Monieaga Suwardi

Personal information
- Full name: Monieaga Bagus Suwardi
- Date of birth: 11 October 1990 (age 35)
- Place of birth: Sleman, Indonesia
- Height: 5 ft 7 in (1.70 m)
- Position: Forward

Team information
- Current team: Persikab Bandung
- Number: 99

Youth career
- 2009–2010: Persema Malang

Senior career*
- Years: Team / Apps / (Gls)
- 2010–2011: Arema Indonesia
- 2012–2014: PSS Sleman / 20 / (8)
- 2015: Mitra Kukar / 1 / (0)
- 2017: Mitra Kukar / 5 / (0)
- 2018: Martapura / 6 / (0)
- 2019: Sriwijaya / 16 / (0)
- 2020: Persijap Jepara / 1 / (0)
- 2021–2023: Persekat Tegal / 14 / (2)
- 2023–: Persikab Bandung / 10 / (1)

= Monieaga Suwardi =

Indonesian association footballer

Monieaga Bagus Suwardi (born 11 October 1990) is an Indonesian professional footballer who plays as a forward for Liga 2 club Persikab Bandung.

==Club career==
===Sriwijaya===
In 2019, Monieaga signed a contract with Indonesian Liga 2 club Sriwijaya.

===Persijap Jepara===
He was signed for Persijap Jepara to play in Liga 2 in the 2020 season.
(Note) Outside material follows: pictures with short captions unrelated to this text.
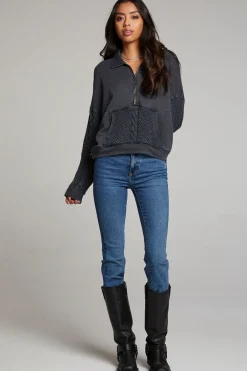 Shop Joe Licorice Half Zip Women Outerwear|Loungewear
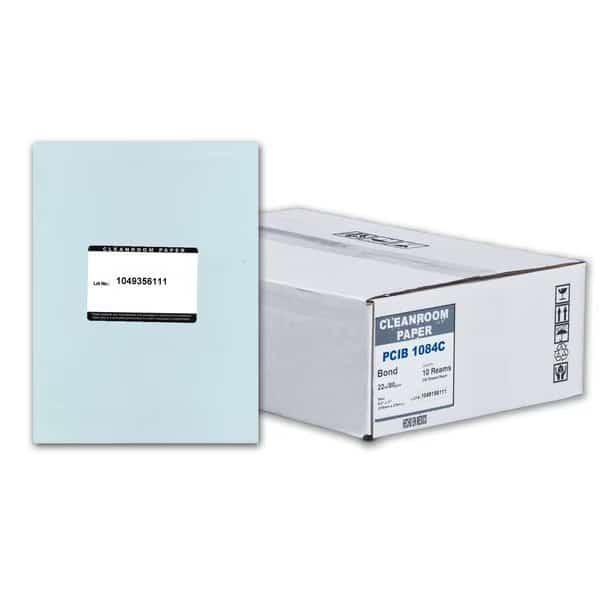 Pure Image Poly Cleanroom Paper, 8.5x11, Blue 22lb, , 250 sheets /ream, 10 reams p/PK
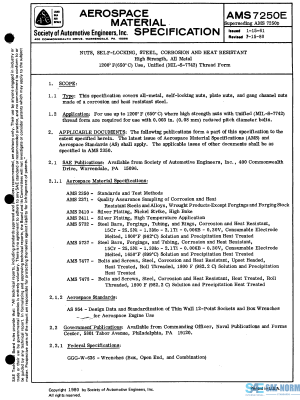 SAE AMS 7250 Series PDF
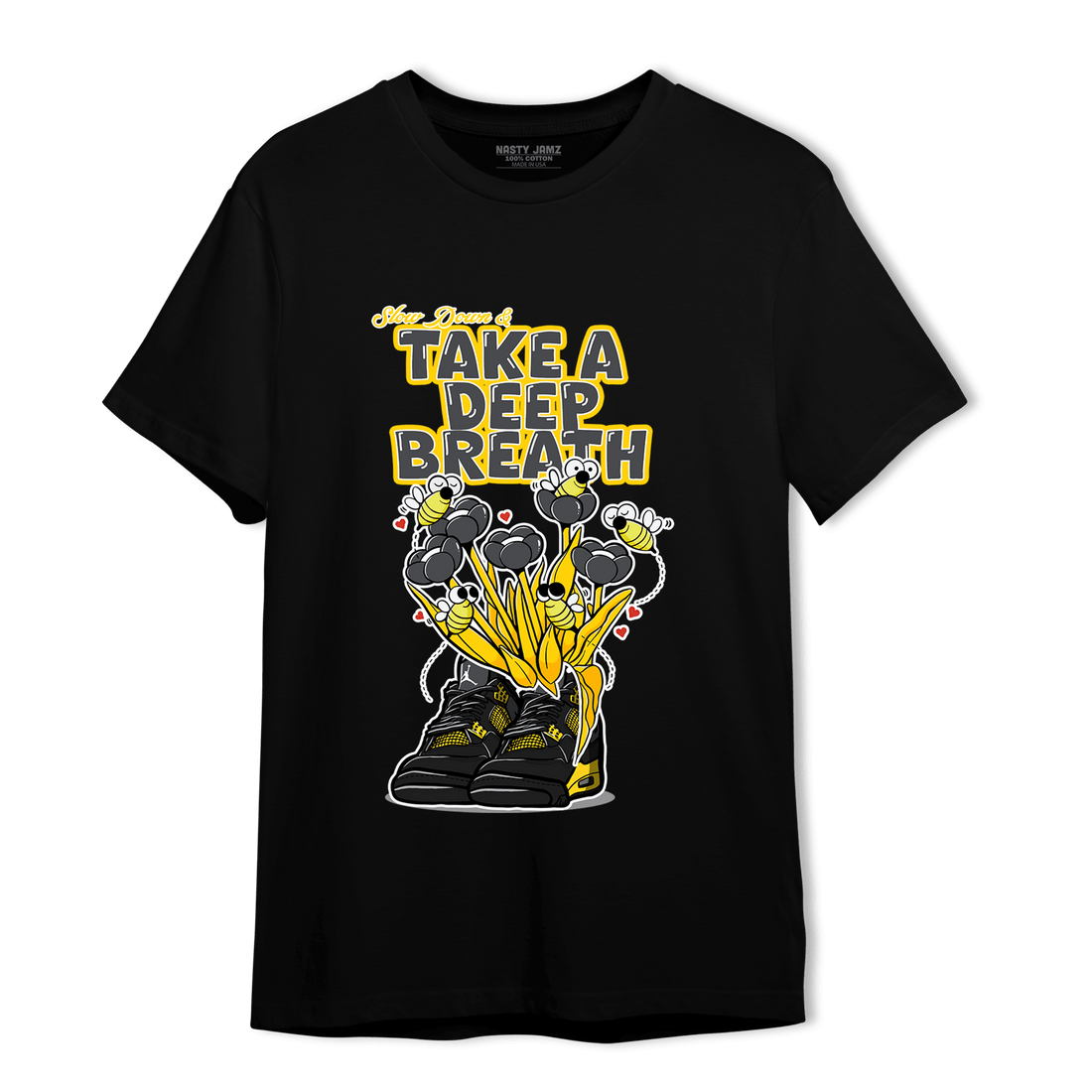 Thunder 4s T Shirt Match Bee Sneaker - NastyJamz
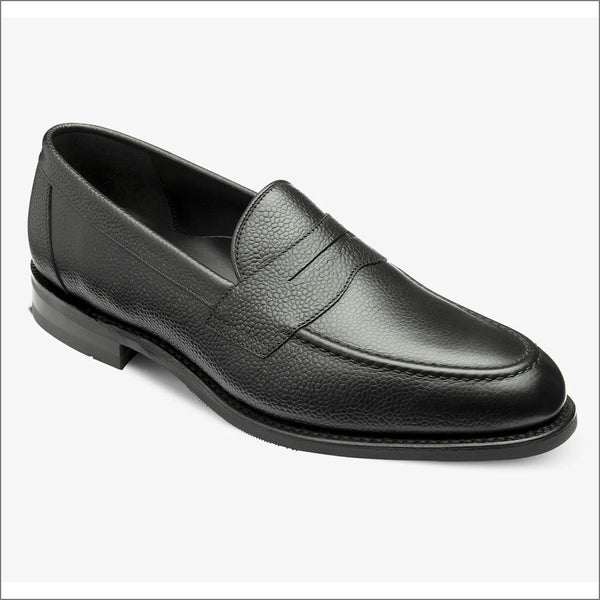 Loake Imperial Black Grain Leather Penny Loafer F Fittingª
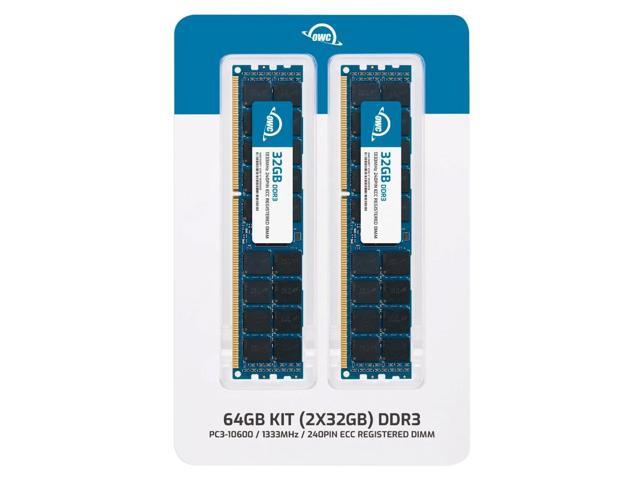 OWC 64GB (2x32GB) DDR3 1333 PC3-10600 CL9 4Rx4 240-pin 1.5V ECC Registered RDIMM Memory RAM Module Upgrade Kit for Select Workstations or Servers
This season was suspended on 27 March 2020 due to the COVID-19 pandemic. The season was abandoned and was declared void on 20 January 2021.

===Persekat Tegal===
In 2021, Monieaga signed a contract with Indonesian Liga 2 club Persekat Tegal. He made his league debut on 27 September in a 3–1 win against Badak Lampung, and he also scored his first goal for Persekat in the 53rd minute at the Gelora Bung Karno Madya Stadium, Jakarta.